La Nuit debout contre le Panama partout

http://www.lemonde.fr/idees/article/2016/04/12/la-nuit-debout-contre-le-panama-partout_4900822_3232.html

[Here's the orgininal version in English, curtesy of David Graeber by
way of Partice Riemens]


 What we have been seeing in the news, this week, with the
juxtaposition of the Panama paper revelations, and the emergence
of Nuit Debout in the streets of Paris and other French cities, is
the struggle between two different forms of solidarity, two global
cultures—the first, all too developed, the second, still in the
process of being born.

 The first is the solidarity of the wealthy and powerful, or, more
precisely, those whose wealth is founded on their power; the other, is
the emergence of new forms of revolutionary democracy that are taking,
increasingly, planetary form. Each relies on creating spaces outside
the formal structure of the state. What we are beginning to see, with
the police show of force last night, was just how differently the
“forces of law” react to each.

 What the Panama papers reveal above all is a global political class
whose ultimate loyalty is to each other. Nawaz Sharif, Robert Mugabe,
Vladimir Putin, or David Cameron…. however much such men might
glower at each other across the world stage, when it comes to what's
really important to them as human beings (the financial security
of their children, for example) they show a remarkable degree of
solidarity.
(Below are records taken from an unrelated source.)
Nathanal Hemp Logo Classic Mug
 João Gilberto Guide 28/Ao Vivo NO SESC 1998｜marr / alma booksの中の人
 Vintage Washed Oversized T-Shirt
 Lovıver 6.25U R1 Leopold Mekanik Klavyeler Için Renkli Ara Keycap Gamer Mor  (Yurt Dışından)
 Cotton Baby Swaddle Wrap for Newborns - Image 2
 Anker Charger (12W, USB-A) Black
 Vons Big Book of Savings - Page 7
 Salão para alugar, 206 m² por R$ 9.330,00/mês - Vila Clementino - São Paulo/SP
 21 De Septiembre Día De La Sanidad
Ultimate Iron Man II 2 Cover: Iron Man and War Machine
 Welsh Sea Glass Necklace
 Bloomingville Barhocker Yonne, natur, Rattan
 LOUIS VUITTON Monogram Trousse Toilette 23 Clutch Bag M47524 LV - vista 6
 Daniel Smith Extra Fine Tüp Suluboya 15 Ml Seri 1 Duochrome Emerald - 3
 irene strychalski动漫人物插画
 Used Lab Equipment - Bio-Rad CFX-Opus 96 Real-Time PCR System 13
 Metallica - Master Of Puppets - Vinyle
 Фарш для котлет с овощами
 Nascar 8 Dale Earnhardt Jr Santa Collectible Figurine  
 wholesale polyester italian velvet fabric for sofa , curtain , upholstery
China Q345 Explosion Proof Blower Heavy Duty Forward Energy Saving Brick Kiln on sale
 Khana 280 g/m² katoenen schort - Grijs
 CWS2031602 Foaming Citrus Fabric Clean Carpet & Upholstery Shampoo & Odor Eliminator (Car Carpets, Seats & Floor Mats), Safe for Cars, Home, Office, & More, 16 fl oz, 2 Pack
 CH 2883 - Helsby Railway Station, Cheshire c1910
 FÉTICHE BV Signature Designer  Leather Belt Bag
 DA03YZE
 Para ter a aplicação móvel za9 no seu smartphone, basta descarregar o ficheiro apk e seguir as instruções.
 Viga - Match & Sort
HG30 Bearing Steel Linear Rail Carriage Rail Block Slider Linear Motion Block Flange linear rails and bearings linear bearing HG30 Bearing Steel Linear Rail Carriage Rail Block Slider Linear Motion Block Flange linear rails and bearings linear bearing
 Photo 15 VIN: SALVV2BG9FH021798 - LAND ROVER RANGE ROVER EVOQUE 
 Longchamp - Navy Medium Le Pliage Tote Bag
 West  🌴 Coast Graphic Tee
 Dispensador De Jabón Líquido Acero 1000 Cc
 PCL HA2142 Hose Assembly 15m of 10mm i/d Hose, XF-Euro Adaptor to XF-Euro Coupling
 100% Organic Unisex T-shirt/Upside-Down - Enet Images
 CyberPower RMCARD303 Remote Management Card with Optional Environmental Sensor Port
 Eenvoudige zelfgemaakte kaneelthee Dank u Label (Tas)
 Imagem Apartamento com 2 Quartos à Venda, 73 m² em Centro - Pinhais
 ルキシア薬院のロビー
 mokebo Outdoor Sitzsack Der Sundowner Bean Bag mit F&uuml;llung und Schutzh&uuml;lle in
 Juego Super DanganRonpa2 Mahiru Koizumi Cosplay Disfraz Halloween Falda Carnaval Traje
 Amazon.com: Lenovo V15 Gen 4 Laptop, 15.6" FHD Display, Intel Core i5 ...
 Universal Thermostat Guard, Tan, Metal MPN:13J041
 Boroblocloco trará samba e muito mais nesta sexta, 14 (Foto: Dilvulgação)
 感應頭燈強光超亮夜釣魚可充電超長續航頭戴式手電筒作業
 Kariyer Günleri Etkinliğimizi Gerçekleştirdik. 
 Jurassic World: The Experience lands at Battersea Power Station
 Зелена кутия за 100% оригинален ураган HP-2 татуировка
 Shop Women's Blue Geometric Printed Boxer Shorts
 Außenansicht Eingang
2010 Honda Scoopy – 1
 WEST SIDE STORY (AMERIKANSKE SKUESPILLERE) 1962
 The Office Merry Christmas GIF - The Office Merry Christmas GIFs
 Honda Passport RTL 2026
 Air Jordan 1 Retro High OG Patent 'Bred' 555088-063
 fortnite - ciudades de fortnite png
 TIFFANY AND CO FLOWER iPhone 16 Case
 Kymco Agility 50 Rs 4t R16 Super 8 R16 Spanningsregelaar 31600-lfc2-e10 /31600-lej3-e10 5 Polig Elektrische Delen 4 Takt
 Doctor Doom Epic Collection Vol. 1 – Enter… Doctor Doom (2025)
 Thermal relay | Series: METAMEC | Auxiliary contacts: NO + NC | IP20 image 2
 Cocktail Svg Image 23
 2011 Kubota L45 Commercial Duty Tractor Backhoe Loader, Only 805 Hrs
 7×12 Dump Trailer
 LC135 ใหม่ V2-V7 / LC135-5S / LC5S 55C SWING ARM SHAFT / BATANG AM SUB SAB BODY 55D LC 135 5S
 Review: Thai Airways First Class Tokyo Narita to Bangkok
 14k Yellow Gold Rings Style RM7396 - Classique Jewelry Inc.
This is, of course, in dramatic contrast to how they feel
about the safety and security of the children of pretty much everybody
else—other, of course, than members of their only real constituency:
the other members of the global %1.

 Still, for anyone familiar with how wealth is really accumulated in
today's world, there is still something genuinely puzzling in these
revelations: why is it so important to these people not to pay taxes
to begin with? This is less obvious than it seems. As the wealth
of the ruling classes comes to be based increasingly on financial
speculation, we are no longer talking about protecting the profits of
commerce and industry from the grasping hands of the state; almost
all these fortunes are based on collusion with state power to begin
with. If your income is based on control of the levers of power, why
squirrel it away in Panama? Would it not be just as easy to extract
twice as much, and then ostentatiously hand half the proceeds back
again as gesture of loyalty?

 It's hard to escape the conclusion that a gesture of loyalty to the
nation-state is precisely what such men are trying to avoid. The
creation of these tax shelters is the creation, not precisely of a
state of sovereign exception, but of one of financial exception,
within an emerging global legal-bureaucratic order of which the
beneficiaries, themselves, the architects.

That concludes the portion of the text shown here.